Na gravação, produzida pelo baterista Guilherme Kastrup e com direção artística de Celso Sim e Rômulo Fróes, Elza é acompanhada por músicos da cena independente de São Paulo, como os guitarristas Kiko Dinucci e Rodrigo Campos ou o próprio Fróes. O resultado: samba com ruído, cavaquinho em rock’n roll distorcido, metais do grupo Bixiga para a sexualmente explícita Para foder ou emBenedita, visão de um travesti de todo um submundo de crack e violência.
A mulher do fim do mundo abre a capella com um poema do modernista Oswald de Andrade musicado por José Miguel Wisnik. Foi o professor Wisnik quem disse que para ela cantar era um parto em cada sílaba.
Nos anos 60, Elza Soares encheu as páginas da imprensa brasileira com sua tormentosa relação com um dos maiores jogadores de futebol da história: Garrincha. Foi oferecida pela mídia ao grande público como a mulher da vida que roubou o marido de sua esposa (e afastou um pai de suas filhas). Mas sempre foi valente. Não só por se atrever a gravar discos ousados como Do cóccix até o pescoço, com a presença de DJs e beat box, no qual denunciava que a carne mais barata do mercado é a carne negra. Mulher ferida, decidiu se defender com todas as suas forças. Sobrepondo-se aos golpes físicos e aos que a miséria inflige, e à perda de vários filhos, renasceu toda vez.
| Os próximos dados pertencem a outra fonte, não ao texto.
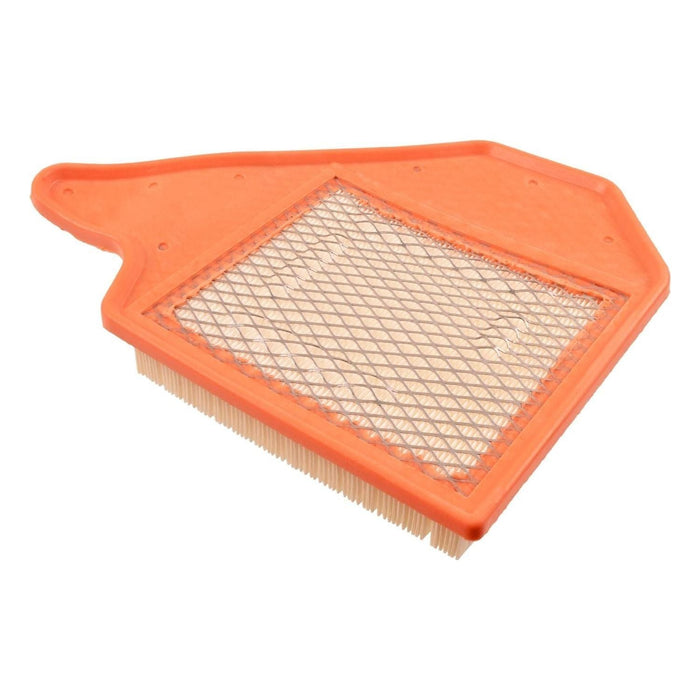 Blue Print ADA102252 Air Filter Fits Chrysler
Em 1997, com o título de Cantando para não enlouquecer, foi publicada a biografia desta mulata de olhos rasgados, admirada por Louis Armstrong, que foi moldando seu corpo à força de muita ginástica, fisioterapia e muitas idas ao massagista. Uma caixa de 12 CDs, Negra, reúne mais de 20 álbuns que gravou entre 1960 e 1988, além de raridades compiladas pelo pesquisador Marcelo Fróes.
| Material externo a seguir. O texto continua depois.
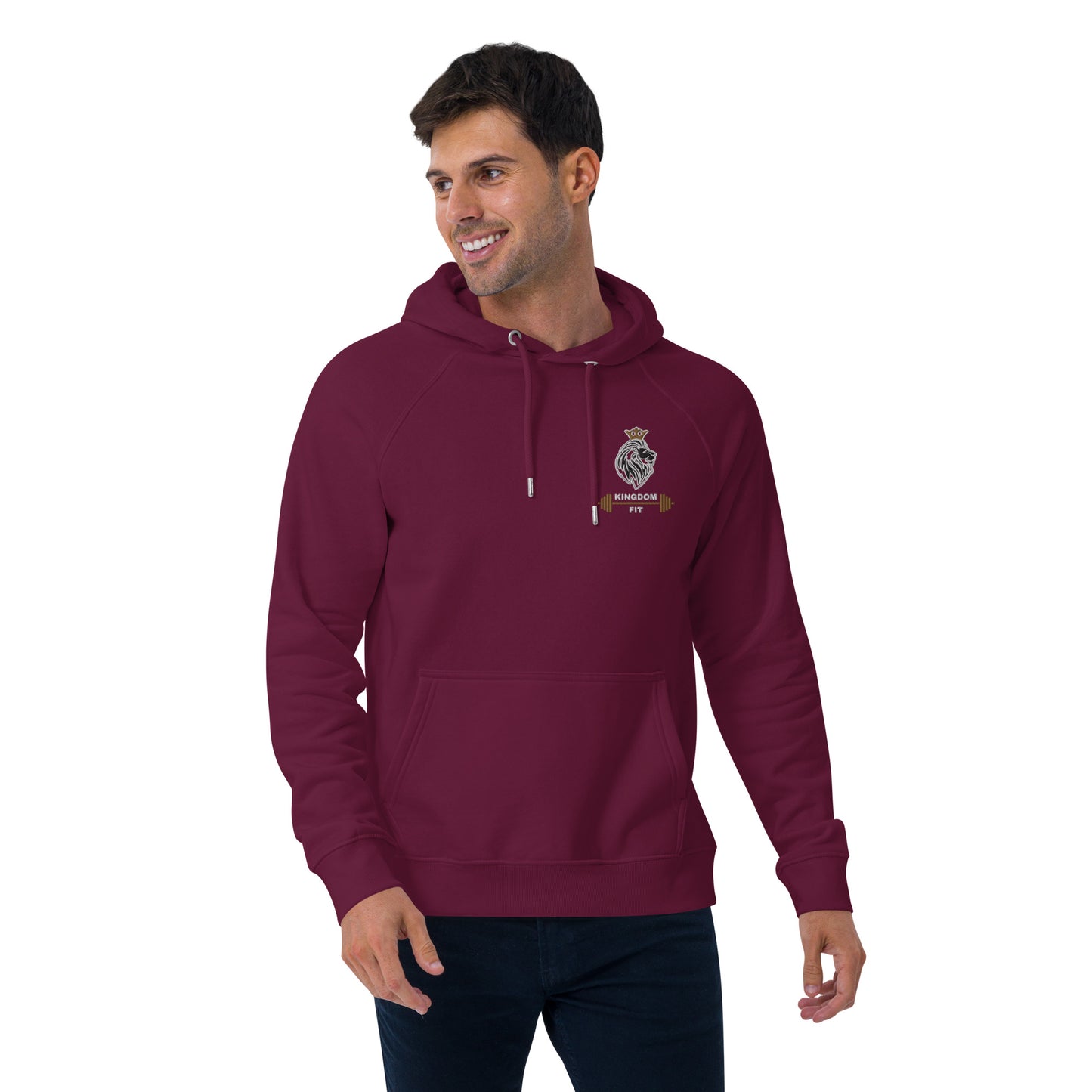 Kingdom FIT Hoodie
Elza Soares nasceu em uma favela do Rio de Janeiro. E com 13 anos já era mãe. Precisava de dinheiro para alimentar o filho e se inscreveu em um dos populares concursos de aspirantes a artista organizado pela então poderosa Rádio Tupi. Apareceu nos estúdios da emissora no Rio de Janeiro, mal penteada e vestida pior ainda, provocando risadas do público. O programa era apresentado por Ary Barroso – o compositor da célebre Aquarela do Brasil conciliava suas grandes composições com trabalhos como locutor esportivo e animador radiofônico. Só ocorreu a Barroso perguntar à garota esquálida (ela pesava 38 quilos) de que planeta ela vinha. “Do planeta fome”, respondeu Elza.